CUDA aware MPI works on system but not for Julia

Chiil · January 23, 2022, 9:39am

I have problems getting CUDA-aware MPI running in Julia. I have a C++ example that works perfectly if I run it with mpiexec -n 2 ./alltoall_test. The equivalent Julia code run with mpiexec -n 2 julia alltoall_test.jl fails on a segmentation fault with [1642930332.032032] [gcn19:4087661:0] gdr_copy_md.c:122 UCX ERROR gdr_pin_buffer failed. length :65536 ret:22. I have set up the MPI using the system MPI and it reports the correct version, so my impression is that the problem lies on the CUDA side which wants to download artefacts as soon as I use CuArray, despite CUDA being installed. My impression is that am using an CUDA version that is incompatible with the compilation of MPI, but I do not know how to verify this. I used the JULIA_CUDA_USE_BINARY_BUILDER=false setting. The two test codes are:

using MPI
using CUDA

np = 2

MPI.Init()

comm = MPI.COMM_WORLD
mpiid = MPI.Comm_rank(comm)
print("The MPI rank is: $mpiid\n")

device!(mpiid)
print("The CUDA device is: $(device())\n")

n = 1024
data_cpu = rand(n)
data_out_cpu = similar(data_cpu)
data = CuArray(data_cpu)
data_out = similar(data)

# Test the alltoall on the CPU
mpi_data_cpu = MPI.UBuffer(data_cpu, 512)
mpi_data_out_cpu = MPI.UBuffer(data_out_cpu, 512)
@time MPI.Alltoall!(mpi_data_cpu, mpi_data_out_cpu, comm)
@time MPI.Alltoall!(mpi_data_cpu, mpi_data_out_cpu, comm)

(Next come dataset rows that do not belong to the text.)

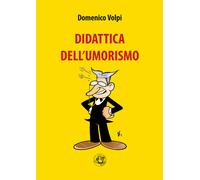 Didattica dell'umorismo - Volpi Domenico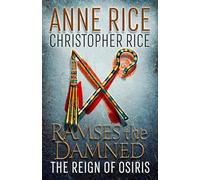 Ramses the Damned: The Reign of Osiris
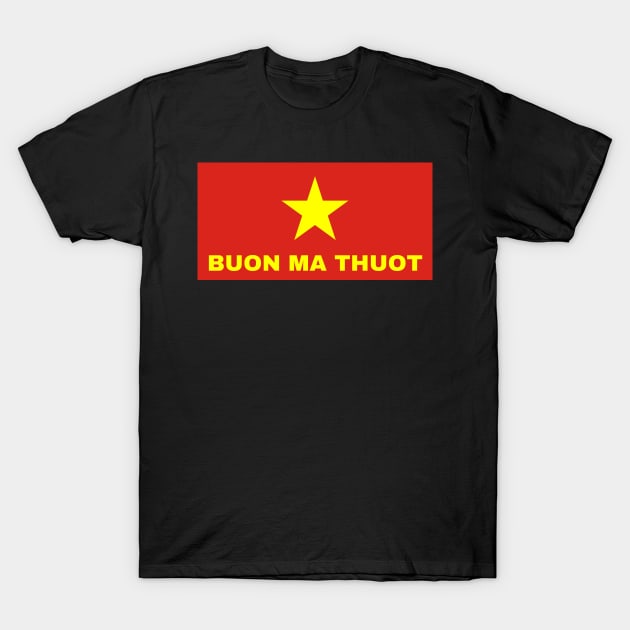 Buon Ma Thuot City in Vietnamese Flag T-Shirt by aybe7elf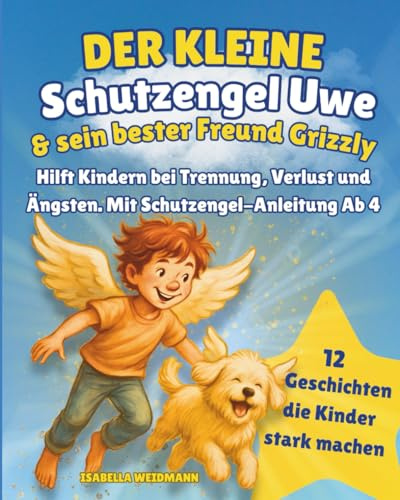 Der kleine Schutzengel Uwe & sein bester Freund Grizzly: Hilft Kindern bei Trennung, Verlust und Ängsten. Mit Schutzengel-Anleitung Ab 4
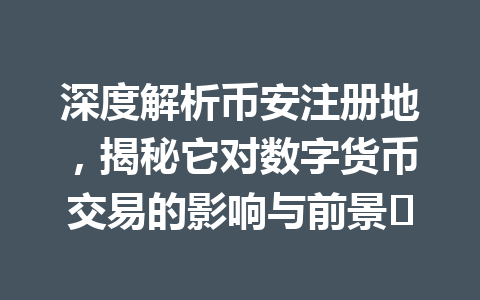 深度解析币安注册地，揭秘它对数字货币交易的影响与前景✨ 一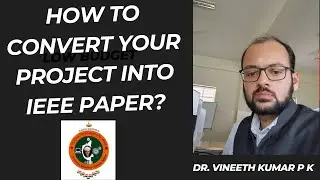 How to Convert Your Project into an IEEE Paper Springer paper| Guide for BE & M Tech Students 2025|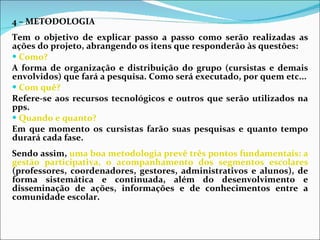 4 – METODOLOGIA Tem o objetivo de explicar passo a passo como serão realizadas as ações do projeto, abrangendo os itens que responderão às questões:  Como?  A forma de organização e distribuição do grupo (cursistas e demais envolvidos) que fará a pesquisa. Como será executado, por quem etc... Com quê?  Refere-se aos recursos tecnológicos e outros que serão utilizados na pps. Quando e quanto?  Em que momento os cursistas farão suas pesquisas e quanto tempo durará cada fase.  Sendo assim,  uma boa metodologia prevê três pontos fundamentais: a gestão participativa, o acompanhamento dos segmentos escolares  (professores, coordenadores, gestores, administrativos e alunos), de forma sistemática e continuada, além do desenvolvimento e disseminação de ações, informações e de conhecimentos entre a comunidade escolar.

# Test the alltoall on the GPU
print("$mpiid has CUDA: $(MPI.has_cuda())\n")
mpi_data = MPI.UBuffer(data, 512)
mpi_data_out = MPI.UBuffer(data_out, 512)
@time MPI.Alltoall!(mpi_data, mpi_data_out, comm)
@time MPI.Alltoall!(mpi_data, mpi_data_out, comm)

# Close the MPI.
MPI.Finalize()

and

#include <iostream>
#include <vector>
#include <mpi.h>
#include <cuda_runtime_api.h>
#include <cuda.h>
#include <chrono>

int main()
{
    MPI_Init(NULL, NULL);

    int n, id;
    MPI_Comm_size(MPI_COMM_WORLD, &n);
    MPI_Comm_rank(MPI_COMM_WORLD, &id);

    const size_t size_tot = 1024*1024*1024;
    const size_t size_max = size_tot / n;

    // CPU TEST
    std::vector<double> a_cpu_in (size_tot);
    std::vector<double> a_cpu_out(size_tot);
    std::fill(a_cpu_in.begin(), a_cpu_in.end(), id);

    std::cout << id << ": Starting CPU all-to-all\n";
    auto time_start = std::chrono::high_resolution_clock::now();
    MPI_Alltoall(
            a_cpu_in .data(), size_max, MPI_DOUBLE,
            a_cpu_out.data(), size_max, MPI_DOUBLE,
            MPI_COMM_WORLD);
    auto time_end = std::chrono::high_resolution_clock::now();
    auto duration = std::chrono::duration<double, std::milli>(time_end-time_start).count();
    std::cout << id << ": Finished CPU all-to-all in " << std::to_string(duration) << " (ms)\n";

    // GPU TEST
    int id_local = id % 4;
    cudaSetDevice(id_local);
    double* a_gpu_in;
    double* a_gpu_out;
    cudaMalloc((void **)&a_gpu_in , size_tot * sizeof(double));
    cudaMalloc((void **)&a_gpu_out, size_tot * sizeof(double));
    cudaMemcpy(a_gpu_in, a_cpu_in.data(), size_tot*sizeof(double), cudaMemcpyHostToDevice);

    int id_gpu;
    cudaGetDevice(&id_gpu);
    std::cout << id << ", " << id_local << ", " << id_gpu << ": Starting GPU all-to-all\n";
    time_start = std::chrono::high_resolution_clock::now();
    MPI_Alltoall(
            a_gpu_in , size_max, MPI_DOUBLE,
            a_gpu_out, size_max, MPI_DOUBLE,
            MPI_COMM_WORLD);
    time_end = std::chrono::high_resolution_clock::now();
    duration = std::chrono::duration<double, std::milli>(time_end-time_start).count();

    std::cout << id << ", " << id_local << ", " << id_gpu << ": Finished GPU all-to-all in " << std::to_string(duration) << " (ms)\n";

    MPI_Finalize();
    return 0;
}

samo · January 23, 2022, 10:16am

You need to set JULIA_CUDA_USE_BINARY_BUILDER=false not only for the installation of CUDA.jl, but also have it set each time you are running a code using CUDA.jl. Did you do that? Else, it will use the binary builder as this is something checked each time at runtime.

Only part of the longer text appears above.